Records excerpted from a collection
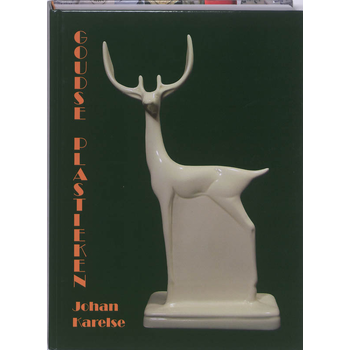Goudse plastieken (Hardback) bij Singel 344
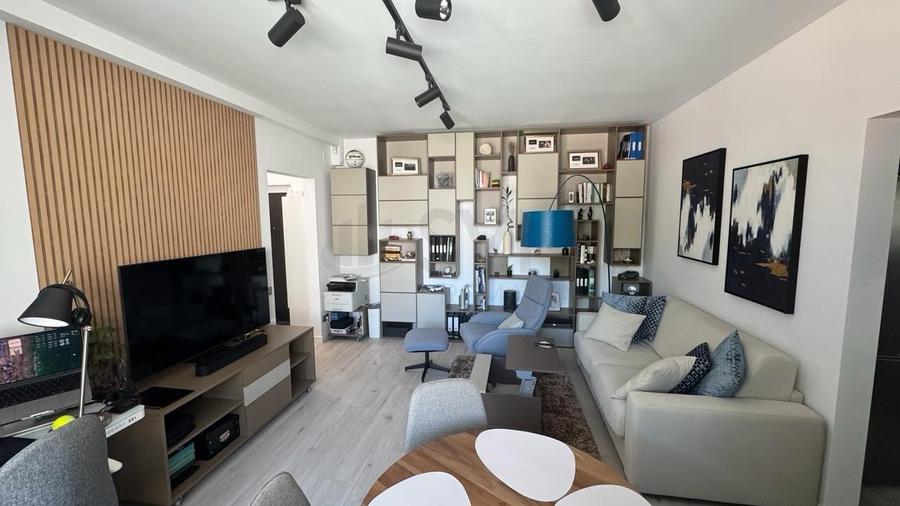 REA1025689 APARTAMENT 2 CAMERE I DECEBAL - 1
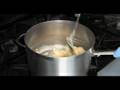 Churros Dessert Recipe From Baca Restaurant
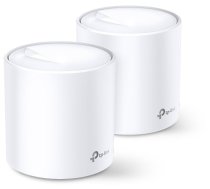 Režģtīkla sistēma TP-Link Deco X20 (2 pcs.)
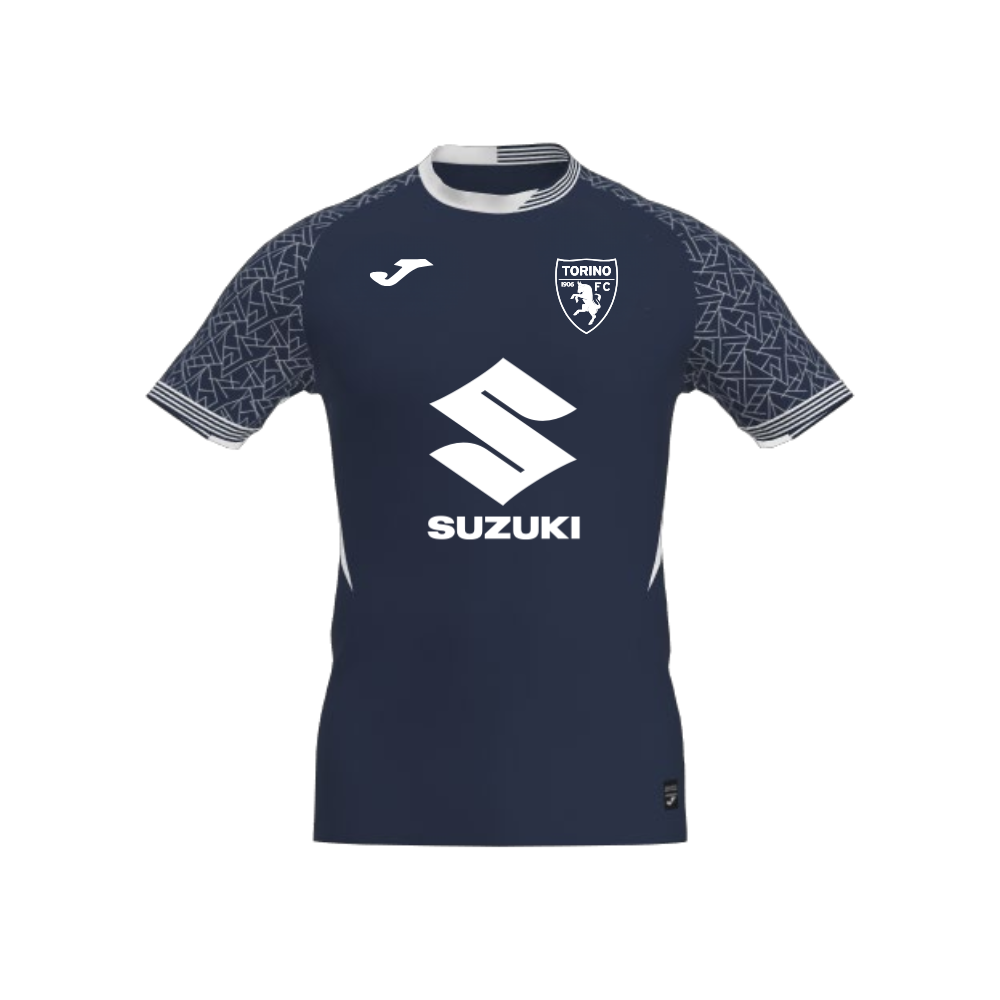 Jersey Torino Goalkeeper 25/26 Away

...

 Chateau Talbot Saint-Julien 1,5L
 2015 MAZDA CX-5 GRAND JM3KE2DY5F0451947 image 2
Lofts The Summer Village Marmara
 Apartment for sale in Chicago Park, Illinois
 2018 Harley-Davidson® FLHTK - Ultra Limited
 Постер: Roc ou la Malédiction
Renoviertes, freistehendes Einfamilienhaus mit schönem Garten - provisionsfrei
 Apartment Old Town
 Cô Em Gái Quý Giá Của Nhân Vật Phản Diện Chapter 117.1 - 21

==

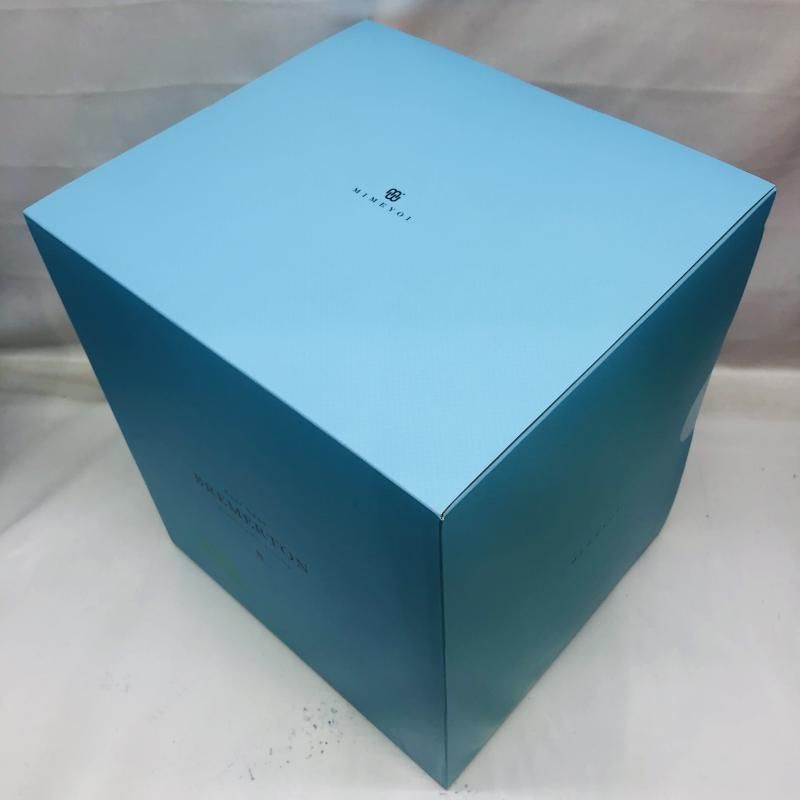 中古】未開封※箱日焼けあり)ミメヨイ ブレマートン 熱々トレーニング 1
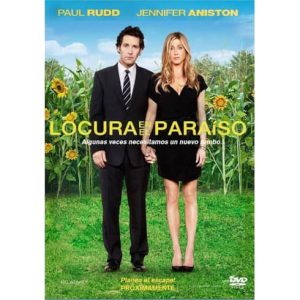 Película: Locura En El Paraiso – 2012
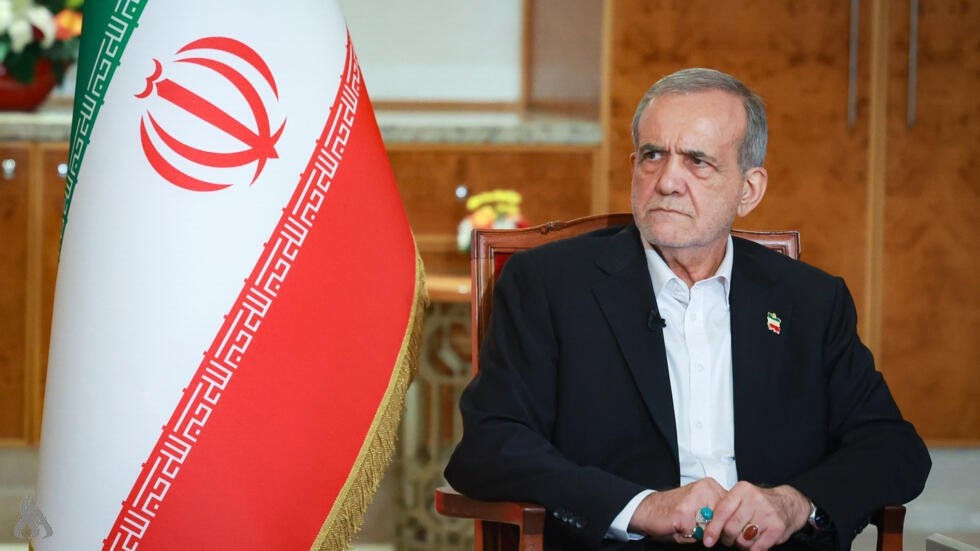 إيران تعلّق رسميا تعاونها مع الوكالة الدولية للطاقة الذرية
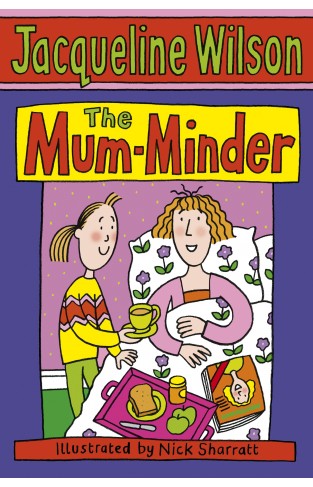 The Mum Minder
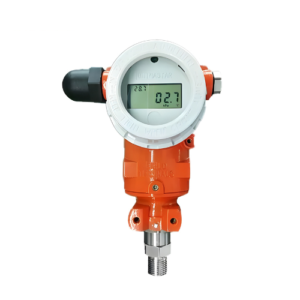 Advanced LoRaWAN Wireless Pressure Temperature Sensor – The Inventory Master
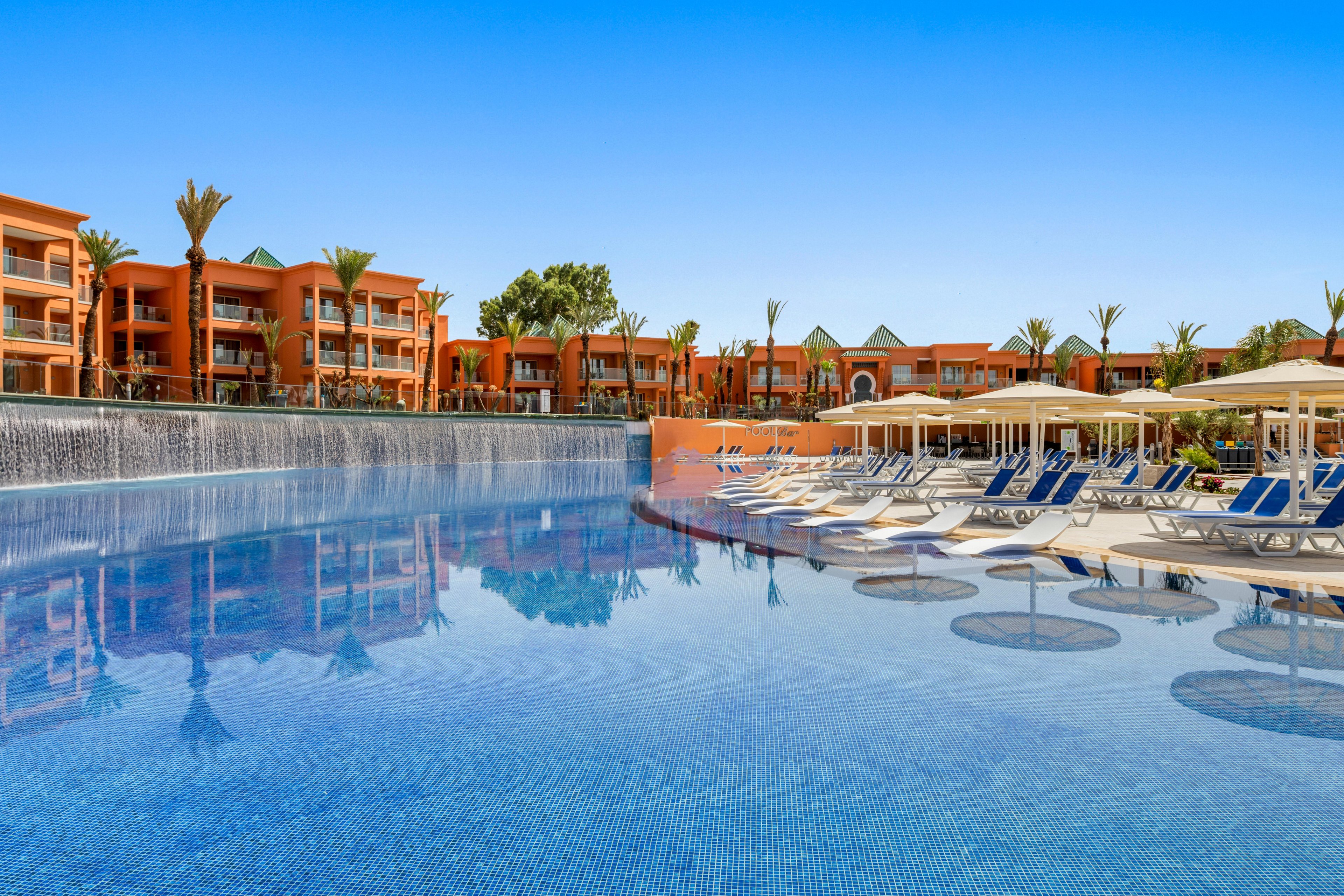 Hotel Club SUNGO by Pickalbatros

### Work to complete
Print nothing except the lines above from the one containing "The Mum Minder" down to the one containing "Hotel Club SUNGO by Pickalbatros", both included, exactly as written and free of pictures.

### Answer for this exercise
 The Mum Minder
 Advanced LoRaWAN Wireless Pressure Temperature Sensor – The Inventory Master
 Hotel Club SUNGO by Pickalbatros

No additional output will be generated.